Task goal:
Go through the listing below and write out exactly the lines from the one that mentions "Whirlpool Part# W10913677 Screw (OEM)" through the one that mentions "食品業界の商品｜食品業界｜株式会社シズトク", minus the pictures.

Entries provided:
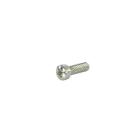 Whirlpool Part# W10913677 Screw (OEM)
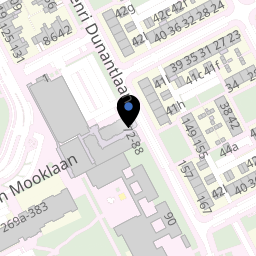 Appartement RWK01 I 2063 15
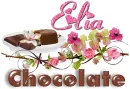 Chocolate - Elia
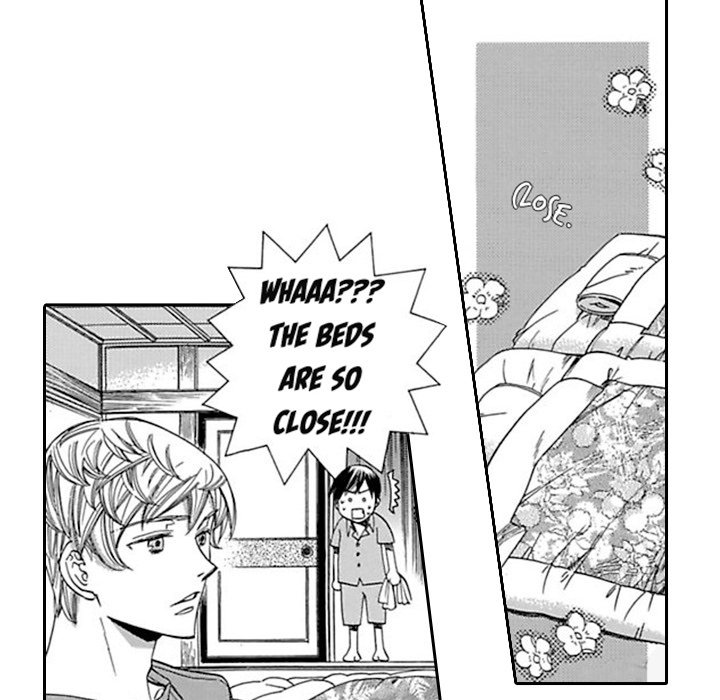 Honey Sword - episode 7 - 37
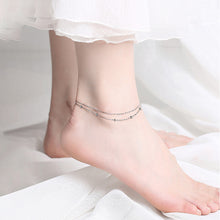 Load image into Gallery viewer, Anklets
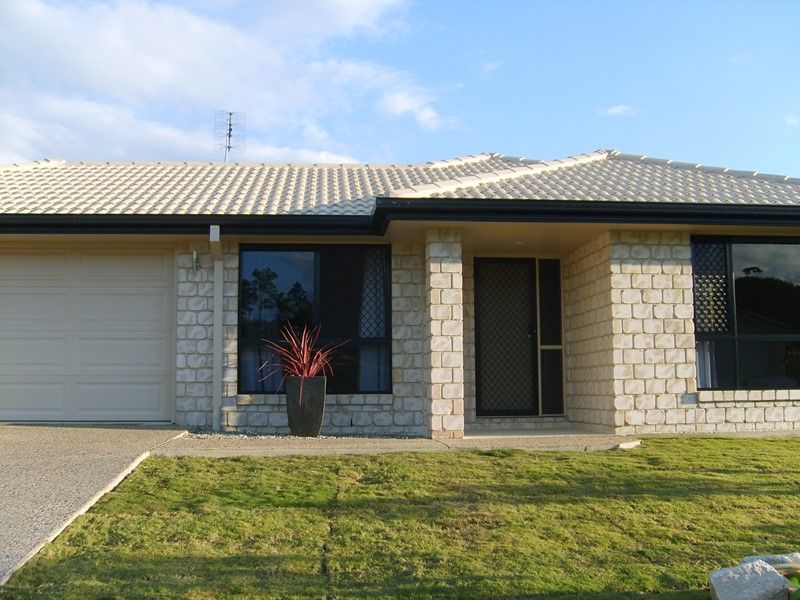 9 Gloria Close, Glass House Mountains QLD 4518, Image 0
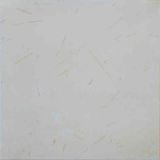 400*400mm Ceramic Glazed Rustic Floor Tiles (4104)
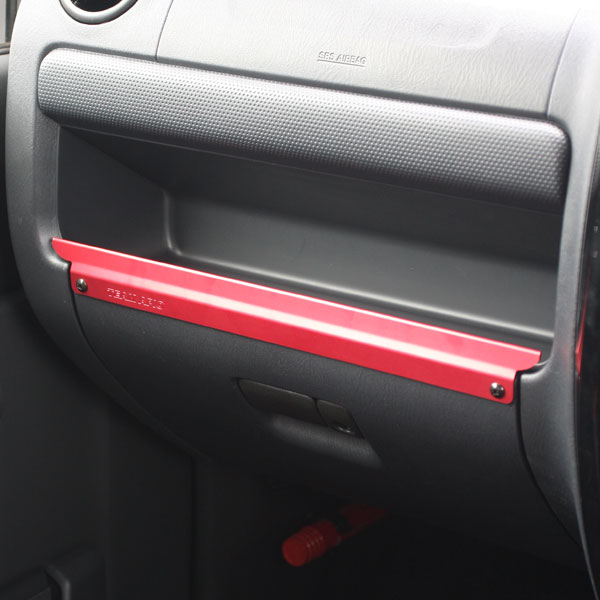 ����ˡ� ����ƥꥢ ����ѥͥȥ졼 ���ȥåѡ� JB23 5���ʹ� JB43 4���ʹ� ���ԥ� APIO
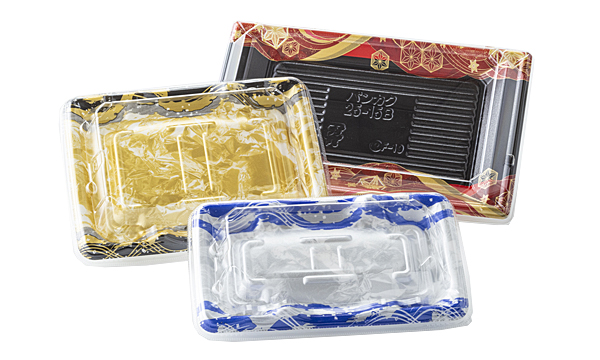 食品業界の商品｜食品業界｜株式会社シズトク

...

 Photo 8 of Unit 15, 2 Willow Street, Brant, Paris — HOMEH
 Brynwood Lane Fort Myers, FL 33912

Completed exercise:
 Whirlpool Part# W10913677 Screw (OEM)
 Appartement RWK01 I 2063 15
 Chocolate - Elia
 Honey Sword - episode 7 - 37
 Load image into Gallery viewer, Anklets
 9 Gloria Close, Glass House Mountains QLD 4518, Image 0
 400*400mm Ceramic Glazed Rustic Floor Tiles (4104)
 ����ˡ� ����ƥꥢ ����ѥͥȥ졼 ���ȥåѡ� JB23 5���ʹ� JB43 4���ʹ� ���ԥ� APIO
 食品業界の商品｜食品業界｜株式会社シズトク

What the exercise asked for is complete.